**Available data:**

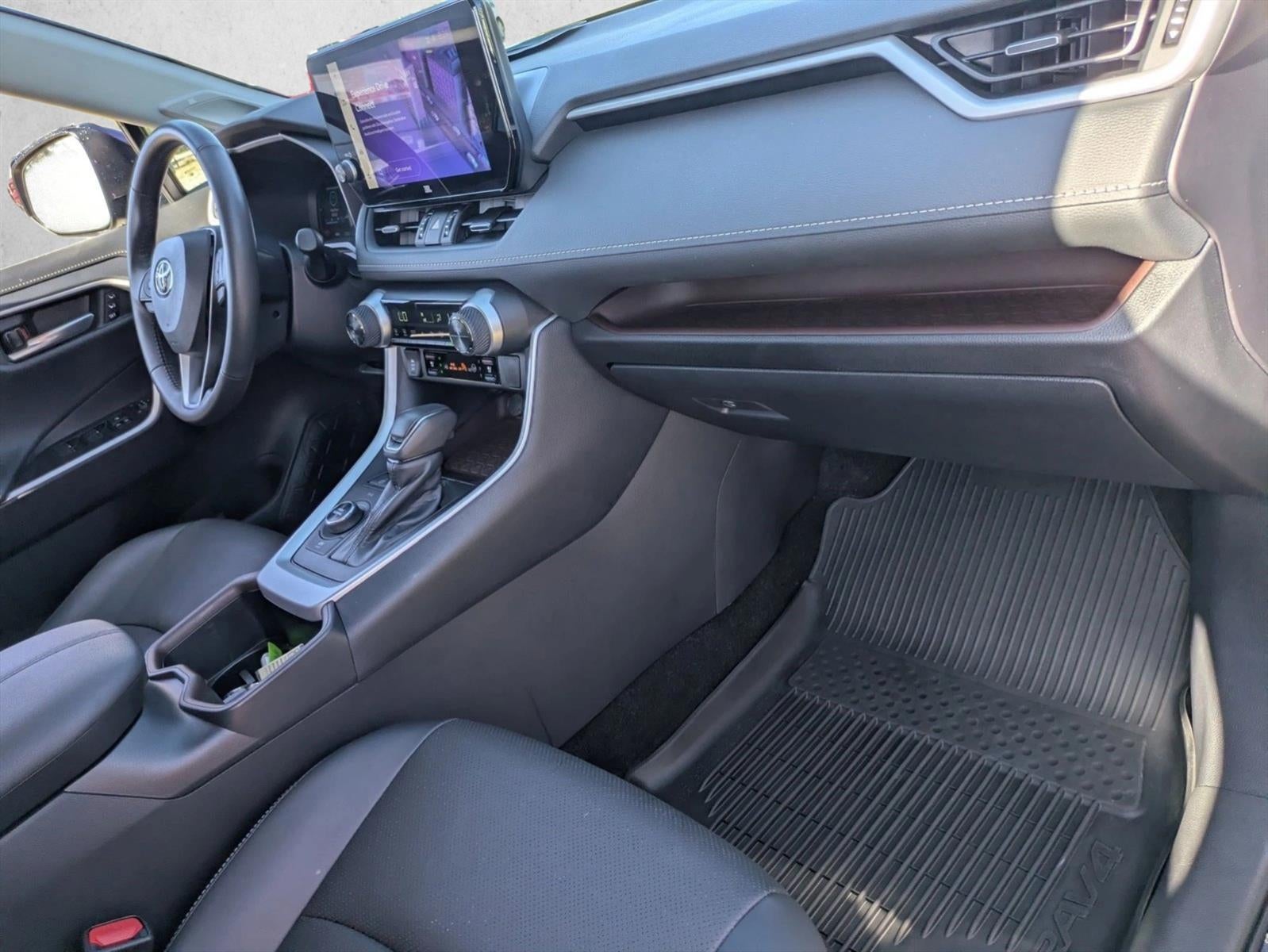 2025 Toyota RAV4 Hybrid Limited AWD (Natl)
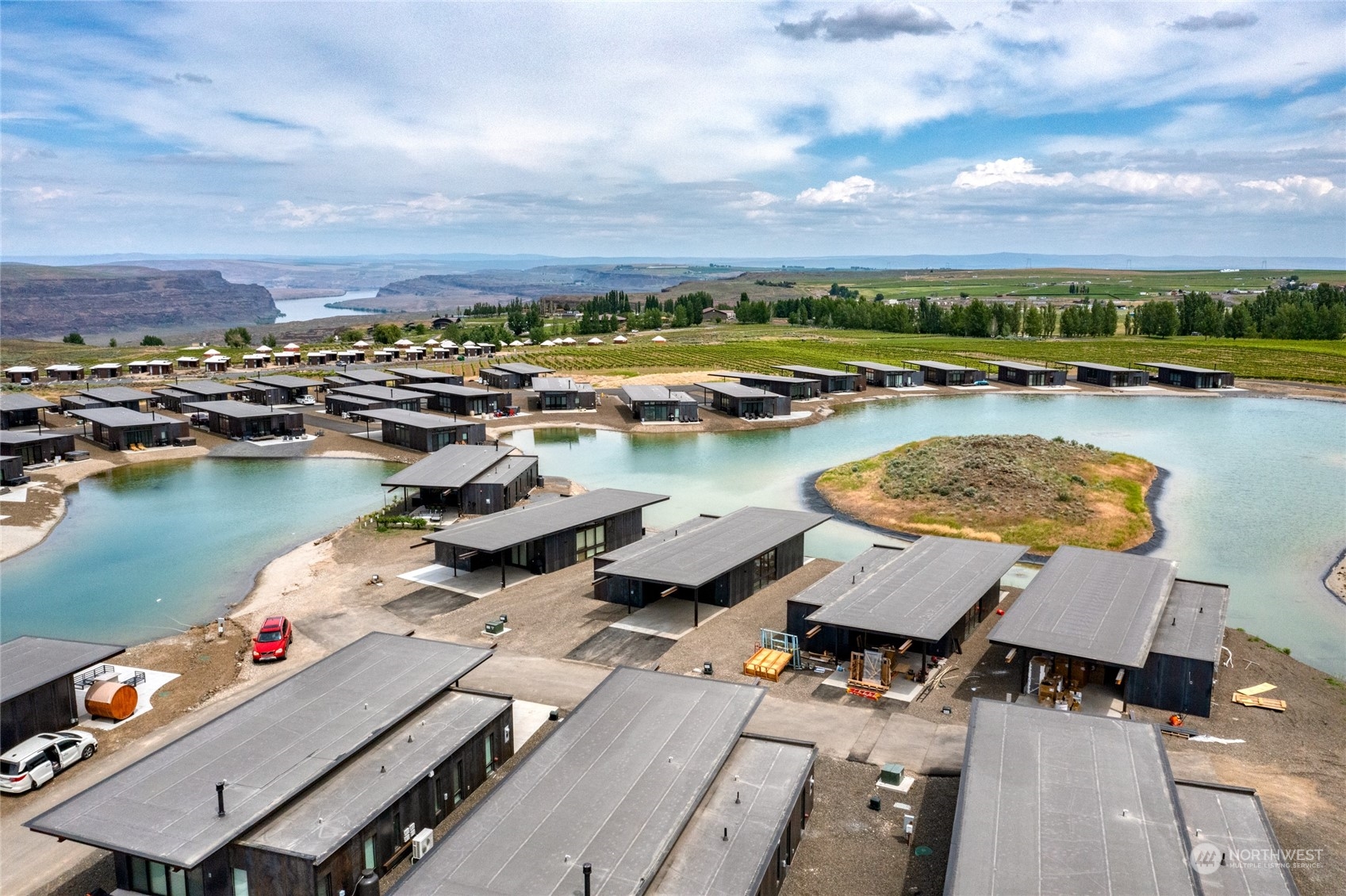 228 (lot 32) Nw Rattlesnake Point Road Quincy, WA 98848 - Photo 34 of 38 an aerial view of a house with swimming pool and lake view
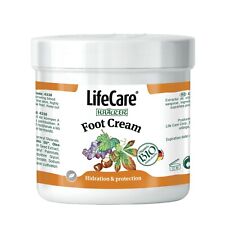 Foot cream, with vine leaves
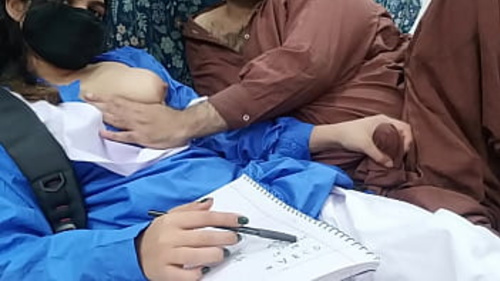 सौतेला भाई विदेश में सोबिया की तंग योनि में प्रवेश करता है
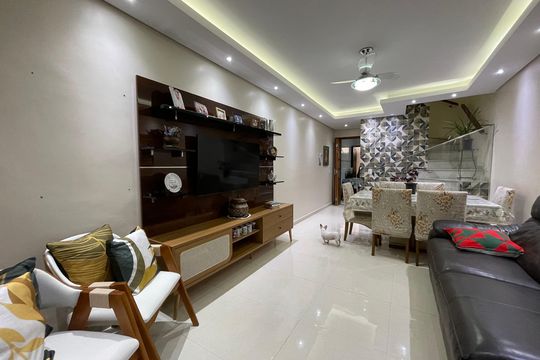 Sala de casa à venda com 2 quartos, 80m² em Jardim Ester, São Paulo
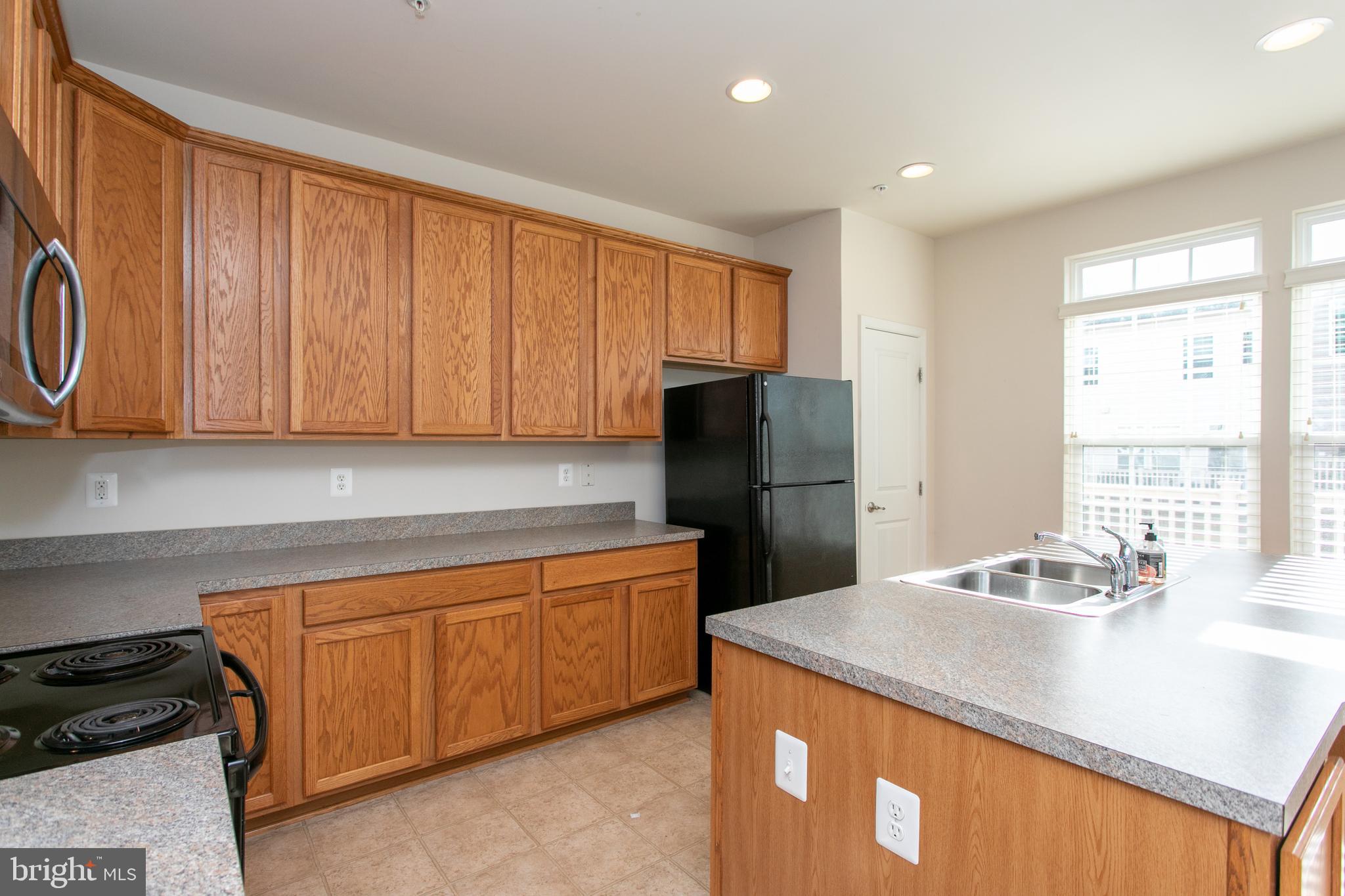 THE PARK AT ADDISON METRO - Residential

**What the task asks:** What is needed is a verbatim transcription of the records, minus the pictures.

**Task result:**
 2025 Toyota RAV4 Hybrid Limited AWD (Natl)
 228 (lot 32) Nw Rattlesnake Point Road Quincy, WA 98848 - Photo 34 of 38 an aerial view of a house with swimming pool and lake view
 Foot cream, with vine leaves
 सौतेला भाई विदेश में सोबिया की तंग योनि में प्रवेश करता है
 Sala de casa à venda com 2 quartos, 80m² em Jardim Ester, São Paulo
 THE PARK AT ADDISON METRO - Residential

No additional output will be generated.